#### Instructions for the task
Lines from the one containing "Buty turystyczne damskie Quechua MH100" to the end of the data below are to be restated exactly, with both ends included and nothing else.
Start of Data extracts
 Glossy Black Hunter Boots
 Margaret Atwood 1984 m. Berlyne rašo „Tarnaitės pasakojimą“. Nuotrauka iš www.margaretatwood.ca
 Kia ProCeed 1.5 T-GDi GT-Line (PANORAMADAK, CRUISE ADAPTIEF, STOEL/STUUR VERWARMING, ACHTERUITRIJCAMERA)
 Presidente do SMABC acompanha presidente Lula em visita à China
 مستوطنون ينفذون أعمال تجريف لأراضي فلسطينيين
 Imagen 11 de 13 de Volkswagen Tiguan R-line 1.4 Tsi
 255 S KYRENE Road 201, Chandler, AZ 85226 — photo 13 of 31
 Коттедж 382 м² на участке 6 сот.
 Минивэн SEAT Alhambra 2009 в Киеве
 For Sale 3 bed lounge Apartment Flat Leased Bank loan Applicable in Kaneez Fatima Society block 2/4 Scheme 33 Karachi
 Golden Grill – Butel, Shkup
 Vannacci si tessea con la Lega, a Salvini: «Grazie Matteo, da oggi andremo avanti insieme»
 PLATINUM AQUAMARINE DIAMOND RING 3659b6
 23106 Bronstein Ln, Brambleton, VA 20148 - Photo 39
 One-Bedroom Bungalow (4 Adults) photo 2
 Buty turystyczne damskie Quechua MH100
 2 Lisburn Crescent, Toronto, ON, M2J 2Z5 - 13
End of Data extracts
#### Exercise solution
 Buty turystyczne damskie Quechua MH100
 2 Lisburn Crescent, Toronto, ON, M2J 2Z5 - 13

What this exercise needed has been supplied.